#### [EXERCISE REQUIREMENTS]
Take the entries that follow and return exactly the lines from the one holding "santiago santiago" through the one holding "SK11(�G�X�P�[11) �J���o�b�N�����x���g�ג��@ �u���b�N", both included. Nothing else is needed.

Scraped caption text data:
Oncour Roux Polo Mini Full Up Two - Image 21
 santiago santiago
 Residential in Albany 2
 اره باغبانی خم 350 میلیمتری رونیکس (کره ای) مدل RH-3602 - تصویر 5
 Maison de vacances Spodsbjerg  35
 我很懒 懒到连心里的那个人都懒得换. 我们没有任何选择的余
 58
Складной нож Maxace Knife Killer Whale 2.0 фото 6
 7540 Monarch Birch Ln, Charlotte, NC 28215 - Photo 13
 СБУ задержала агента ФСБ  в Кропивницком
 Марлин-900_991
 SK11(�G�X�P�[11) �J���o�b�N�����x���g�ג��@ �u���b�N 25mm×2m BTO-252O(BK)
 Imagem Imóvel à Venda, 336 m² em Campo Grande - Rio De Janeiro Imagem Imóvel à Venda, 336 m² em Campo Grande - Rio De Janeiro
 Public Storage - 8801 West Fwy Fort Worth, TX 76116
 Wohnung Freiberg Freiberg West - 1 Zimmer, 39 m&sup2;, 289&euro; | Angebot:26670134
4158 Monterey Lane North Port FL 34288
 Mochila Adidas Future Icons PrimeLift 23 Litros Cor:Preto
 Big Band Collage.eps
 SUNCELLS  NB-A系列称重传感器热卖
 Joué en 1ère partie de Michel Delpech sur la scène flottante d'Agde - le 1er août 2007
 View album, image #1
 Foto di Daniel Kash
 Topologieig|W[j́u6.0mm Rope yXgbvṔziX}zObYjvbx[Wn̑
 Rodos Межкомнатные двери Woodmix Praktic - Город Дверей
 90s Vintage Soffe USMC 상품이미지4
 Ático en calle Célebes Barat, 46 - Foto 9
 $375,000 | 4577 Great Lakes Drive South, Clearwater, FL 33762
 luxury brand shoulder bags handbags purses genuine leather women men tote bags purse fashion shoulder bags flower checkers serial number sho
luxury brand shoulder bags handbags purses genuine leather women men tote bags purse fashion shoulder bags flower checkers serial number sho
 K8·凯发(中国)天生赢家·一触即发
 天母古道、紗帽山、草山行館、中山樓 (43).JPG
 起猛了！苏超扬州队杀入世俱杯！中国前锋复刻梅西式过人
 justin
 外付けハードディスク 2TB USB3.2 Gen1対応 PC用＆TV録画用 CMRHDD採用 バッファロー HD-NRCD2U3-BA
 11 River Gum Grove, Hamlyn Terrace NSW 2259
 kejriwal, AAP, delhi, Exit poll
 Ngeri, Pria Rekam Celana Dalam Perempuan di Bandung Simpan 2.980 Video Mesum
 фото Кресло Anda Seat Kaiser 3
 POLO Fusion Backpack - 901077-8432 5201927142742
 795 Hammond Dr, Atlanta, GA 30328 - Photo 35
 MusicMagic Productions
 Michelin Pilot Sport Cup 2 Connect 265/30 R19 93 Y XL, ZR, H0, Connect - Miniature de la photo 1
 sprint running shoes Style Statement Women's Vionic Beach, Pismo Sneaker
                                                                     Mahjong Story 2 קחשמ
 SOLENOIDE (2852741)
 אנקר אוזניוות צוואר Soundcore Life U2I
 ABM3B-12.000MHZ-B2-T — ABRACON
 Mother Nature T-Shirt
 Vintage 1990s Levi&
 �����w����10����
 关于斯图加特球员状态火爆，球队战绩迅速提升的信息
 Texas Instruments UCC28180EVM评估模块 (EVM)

#### [ANSWER TO THE EXERCISE]
 santiago santiago
 Residential in Albany 2
 اره باغبانی خم 350 میلیمتری رونیکس (کره ای) مدل RH-3602 - تصویر 5
 Maison de vacances Spodsbjerg  35
 我很懒 懒到连心里的那个人都懒得换. 我们没有任何选择的余
 58
Складной нож Maxace Knife Killer Whale 2.0 фото 6
 7540 Monarch Birch Ln, Charlotte, NC 28215 - Photo 13
 СБУ задержала агента ФСБ  в Кропивницком
 Марлин-900_991
 SK11(�G�X�P�[11) �J���o�b�N�����x���g�ג��@ �u���b�N 25mm×2m BTO-252O(BK)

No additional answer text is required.